Personal information
- Born: September 4, 1943 (age 82) Philadelphia, Pennsylvania, U.S.
- Listed height: 5 ft 10 in (1.78 m)
- Listed weight: 185 lb (84 kg)

Career information
- High school: Benjamin Franklin (Philadelphia)
- College: South Carolina State
- NFL draft: 1966: undrafted

Career history
- Kansas City Chiefs (1966)*; Los Angeles Rams (1967–1970); Dallas Cowboys (1971)*; Denver Broncos (1971)*; Miami Dolphins (1972)*;
- * Offseason and/or practice squad member only

Career NFL statistics
- Games played: 43
- Receptions: 57
- Receiving yards: 983
- Touchdowns: 11
- Stats at Pro Football Reference

= Wendell Tucker =

American football player (born 1943)

Wendell Edward Tucker (born September 4, 1943) is an American former professional football player who was a wide receiver for the Los Angeles Rams of the National Football League (NFL). He was also a member of the Kansas City Chiefs of the American Football League (AFL). He played college football for the South Carolina State Bulldogs.

==Early life==
Tucker attended Benjamin Franklin High School. He accepted a football scholarship from South Carolina State University, where he practiced football and track. In 1963, he was forced to interrupt his college career to spend 2 years in military service.

==Professional career==
===Kansas City Chiefs===
Tucker was signed as an undrafted free agent by the Kansas City Chiefs of the Kansas City Chiefs after the 1966 AFL draft. He spent the year in the taxi squad.

===Los Angeles Rams===
In 1967, he was signed as a free agent by the Los Angeles Rams of the National Football League. He spent most of his first season on the taxi squad. He appeared in 7 games as a punt return specialist.

In 1968, he was a backup behind starting flanker Bernie Casey. His first meaningful performance came in the eleventh game against the New York Giants, when both Casey and Pat Studstill were injured, he had a 60-yard touchdown reception and would be used as deep threat for the rest of the season, registering a total of 7 catches for 124 yards and 4 touchdowns.

In 1969, he became the starting flanker after Casey's retirement. It would prove to be his most productive season, while playing opposite wide receiver Jack Snow, he caught 38 passes for 629 yards and 7 touchdowns, including a 93 yarder against the San Francisco 49ers for the Coastal Division champion Rams. The next year, he was hampered by injuries and his numbers dropped to 12 receptions for 230 yards in 12 games.
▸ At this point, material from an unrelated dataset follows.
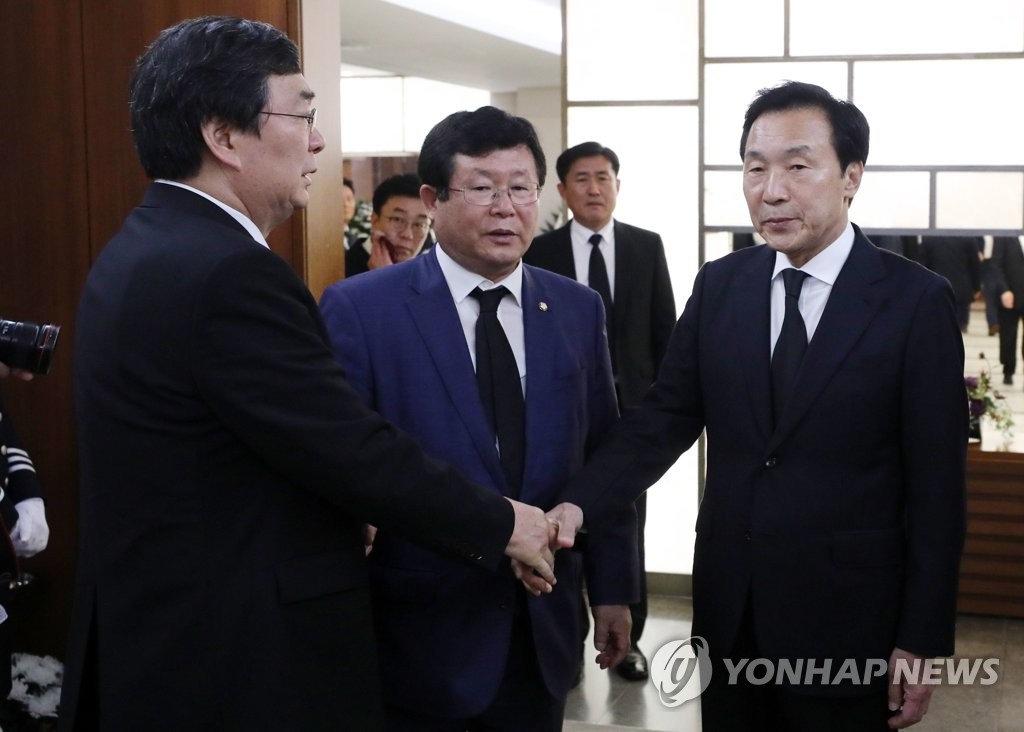 孙鹤圭（右）同李姬镐遗属握手致哀。 韩联社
On May 19, 1971, Tucker was traded along with Billy Truax to the Dallas Cowboys in exchange for wide receiver Lance Rentzel. He finished his career with 57 receptions for 983 yards and 11 touchdowns.

===Dallas Cowboys===
In 1971, he was unable to regain his trademark speed because of a previous knee injury and was released on August 17.

===Denver Broncos===
On August 18, 1971, we was signed as a free agent by the Denver Broncos. He was released before the start of the season.

===Miami Dolphins===
On August 1, 1972, he was acquired by the Miami Dolphins, but was later placed on the injured reserve list on September 14.